Para sembrarlas había que esperar que pasara el riesgo de heladas y entonces comenzaba otro ritual: mi padre sacaba los tubérculos de su letargo y, con la ayuda de mi madre y otros trabajadores, los cortaba. Era importante usar cuchillos afilados, pero no demasiado para no herirse. Lo hacían sentados en corro y, mientras los dividían en dos o cuatro pedazos, cada uno con un brote, charlaban y reían, siempre con la radio encendida de fondo. Los niños correteábamos a su alrededor. La campaña de la siembra de patatas era muy importante para los ingresos de las familias campesinas.
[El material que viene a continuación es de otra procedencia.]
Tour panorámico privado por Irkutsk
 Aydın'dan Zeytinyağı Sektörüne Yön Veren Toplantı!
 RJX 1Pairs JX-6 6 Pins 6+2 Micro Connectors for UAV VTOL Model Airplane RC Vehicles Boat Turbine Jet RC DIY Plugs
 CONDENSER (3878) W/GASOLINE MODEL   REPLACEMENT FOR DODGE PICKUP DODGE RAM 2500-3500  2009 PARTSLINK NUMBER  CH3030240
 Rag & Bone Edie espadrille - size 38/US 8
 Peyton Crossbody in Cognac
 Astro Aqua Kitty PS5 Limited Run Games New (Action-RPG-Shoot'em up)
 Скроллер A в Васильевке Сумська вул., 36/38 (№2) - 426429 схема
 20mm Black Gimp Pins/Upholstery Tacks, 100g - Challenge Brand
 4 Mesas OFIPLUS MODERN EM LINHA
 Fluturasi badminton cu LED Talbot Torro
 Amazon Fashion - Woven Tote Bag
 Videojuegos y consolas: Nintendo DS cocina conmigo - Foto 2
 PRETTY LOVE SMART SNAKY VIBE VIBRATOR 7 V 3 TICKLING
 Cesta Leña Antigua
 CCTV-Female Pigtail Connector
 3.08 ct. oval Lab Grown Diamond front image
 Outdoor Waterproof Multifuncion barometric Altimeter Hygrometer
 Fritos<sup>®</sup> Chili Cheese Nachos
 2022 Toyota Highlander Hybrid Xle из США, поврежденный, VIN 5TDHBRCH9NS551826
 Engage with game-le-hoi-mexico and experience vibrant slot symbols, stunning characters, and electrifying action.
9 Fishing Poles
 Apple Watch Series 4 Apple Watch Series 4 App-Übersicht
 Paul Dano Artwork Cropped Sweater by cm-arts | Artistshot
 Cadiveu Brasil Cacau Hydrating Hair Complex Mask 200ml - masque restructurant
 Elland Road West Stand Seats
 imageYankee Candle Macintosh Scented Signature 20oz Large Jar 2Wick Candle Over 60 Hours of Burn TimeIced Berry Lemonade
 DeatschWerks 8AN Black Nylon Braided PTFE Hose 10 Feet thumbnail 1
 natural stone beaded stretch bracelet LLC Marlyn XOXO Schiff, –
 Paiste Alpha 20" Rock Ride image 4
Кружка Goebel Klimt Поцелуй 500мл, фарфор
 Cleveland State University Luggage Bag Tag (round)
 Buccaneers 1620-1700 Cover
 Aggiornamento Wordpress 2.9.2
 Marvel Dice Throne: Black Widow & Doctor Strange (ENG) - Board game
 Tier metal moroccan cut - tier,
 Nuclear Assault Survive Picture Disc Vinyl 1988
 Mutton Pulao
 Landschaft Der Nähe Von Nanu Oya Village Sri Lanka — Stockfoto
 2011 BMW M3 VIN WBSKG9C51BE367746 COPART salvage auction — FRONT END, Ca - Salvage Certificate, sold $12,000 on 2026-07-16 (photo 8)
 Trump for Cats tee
Mis padres esperaban que la cosecha fuera buena, como la de los años anteriores. Pero siempre ocurría algo que provocaba una caída en el precio y todos se quejaban de nuevo. Sin embargo, cada año mi familia volvía a sembrar patatas.

Cuando mi esposo y yo íbamos a ver a mis padres en coche, nos regalaban un saco de patatas. No se imaginaban a su hija en un país lejano, sin las patatas de El Maresme. Mi padre dejó de cultivarlas cuando enfermó, a los noventa años.


Me levanto para ver si las patatas están hechas y poder sacarlas, después las mezclo en un bol con los huevos batidos y las pongo de nuevo a fuego bajo en la sartén con poco aceite. Me gusta la tortilla cuajada y suelo darle varias vueltas para que quede dorada por ambos lados.

Mientras espero, me fijo en la bandeja repleta de patatas que tenemos encima de la nevera y me doy cuenta de que nunca la dejo vacía.

Cuando llegué a Firenze, probé las delicias de la cocina italiana; pero en la casa que compartía con otros estudiantes, acabábamos siempre comiendo pasta al pomodoro; sin embargo, de vez en cuando, cocinaba patatas para sentir el viento de casa. Tenía pocas nociones de cocina y las hacía hervidas con verdura, pero poco a poco fui aprendiendo nuevas recetas: guisadas, fritas, en puré, en tortilla y asadas al horno.

Han pasado muchos años de ello, pero sigo echando de menos las patatas del Pla de Grau y, cuando me duele la barriga, siento el impulso de comer patatas hervidas con un poco de aceite de oliva. ¿Será un instinto ancestral? No lo sé, pero me curan.